Re: CLOG extension - Mailing list pgsql-hackers

From Simon Riggs
Subject Re: CLOG extension
Date
Msg-id CA+U5nMKmqnkLD_jJ2YwJ78Q_tsGz6upCLSom_8f54PM4RBWkUA@mail.gmail.com
Whole thread Raw
In response to Re: CLOG extension  (Robert Haas <robertmhaas@gmail.com>)
Responses Re: CLOG extension
List pgsql-hackers
On 4 May 2012 13:59, Robert Haas <robertmhaas@gmail.com> wrote:
> On Fri, May 4, 2012 at 3:35 AM, Simon Riggs <simon@2ndquadrant.com> wrote:
>> On Thu, May 3, 2012 at 9:56 PM, Robert Haas <robertmhaas@gmail.com> wrote:
>>> On Thu, May 3, 2012 at 3:20 PM, Simon Riggs <simon@2ndquadrant.com> wrote:
>>>> Your two paragraphs have roughly opposite arguments...
>>>>
>>>> Doing it every 32 pages would give you 30 seconds to complete the
>>>> fsync, if you kicked it off when half way through the previous file -
>>>> at current maximum rates.

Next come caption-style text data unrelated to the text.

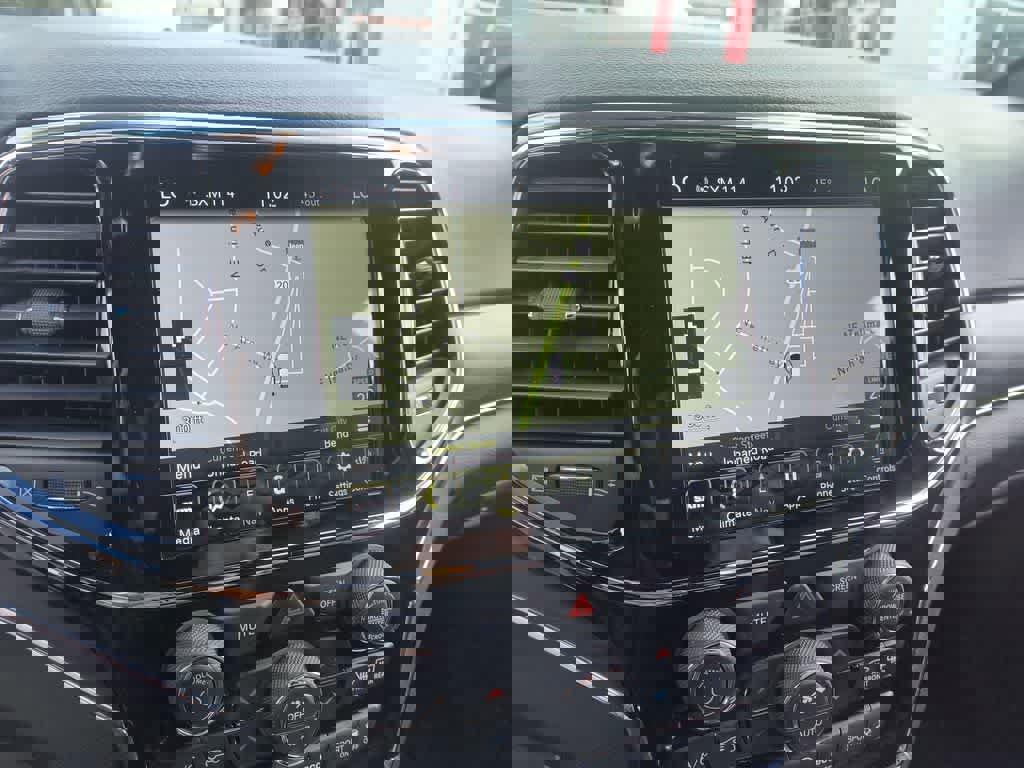 Used 2021 Jeep Grand Cherokee Limited w/ Premium Lighting Group image 18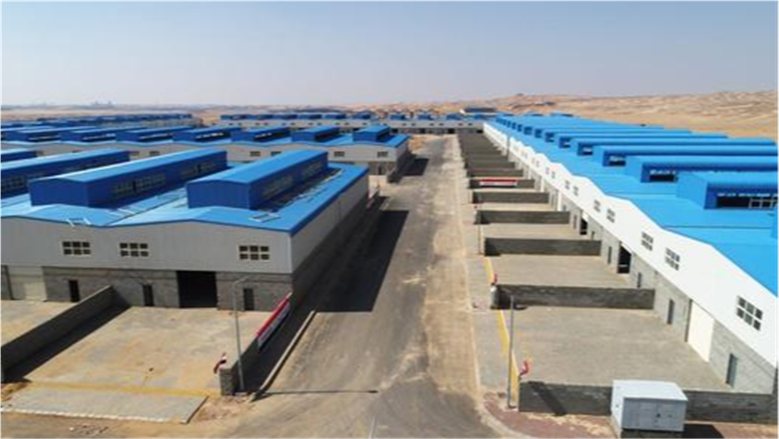 رئيس المنطقة الصناعية بالفرافرة: ضخ استثمارات بقيمة مليار دولار بالفرافرة حتى 2030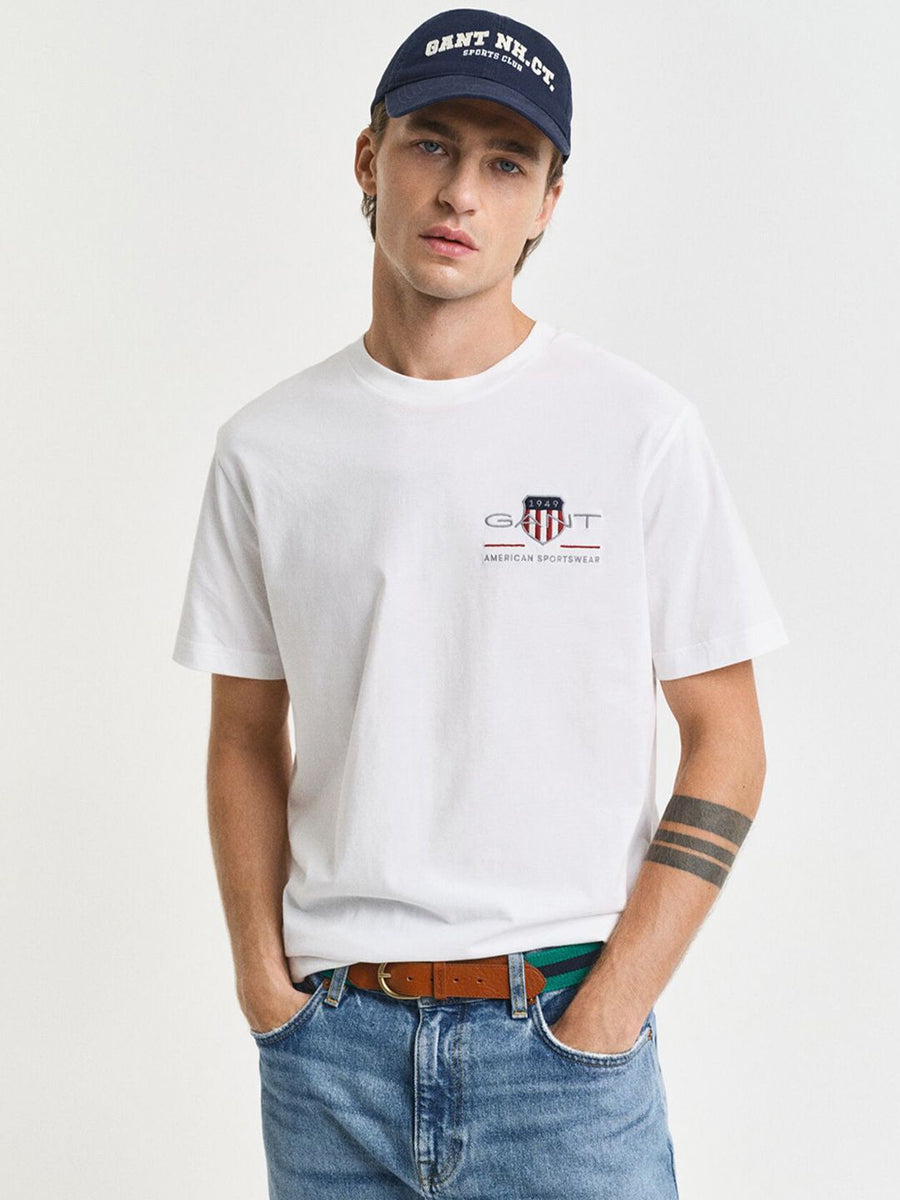 Gant Men White Solid Regular Fit Archieve Shield T-Shirt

So there is utility in doing it in larger
>>>> chunks.
>>>
>>> Maybe, but I'd like to try changing one thing at a time.  If we change
>>> too much at once, it's likely to be hard to figure out where the
>>> improvement is coming from.  Moving the task to a background process
>>> is one improvement; doing it in larger chunks is another.  Those
>>> deserve independent testing.
>>
>> You gave a good argument why background pre-allocation wouldn't work
>> very well if we do it a page at a time. I believe you.
>
> Your confidence is sort of gratifying, but in this case I believe it's
> misplaced.  On more careful analysis, it seems that ExtendCLOG() does
> just two things: (1) evict a CLOG buffer and replace it with a zero'd
> page representing the new page and (2)  write an XLOG record for the
> change.  Apparently, "extending" CLOG doesn't actually involve
> extending anything on disk at all.  We rely on the future buffer
> eviction to do that, which is surprisingly different from the way
> relation extension is handled.
>
> So CLOG extension is normally fast, but occasionally something goes
> wrong.

I don't agree its normally fast.

WALInsert contention is high, so there is usually a long queue. As
we've discussed this can be done offline and and so (2) can completely
avoided in the main line. Considering that all new xids wait for this
action, any wait at all is bad and takes time to drain once it clears.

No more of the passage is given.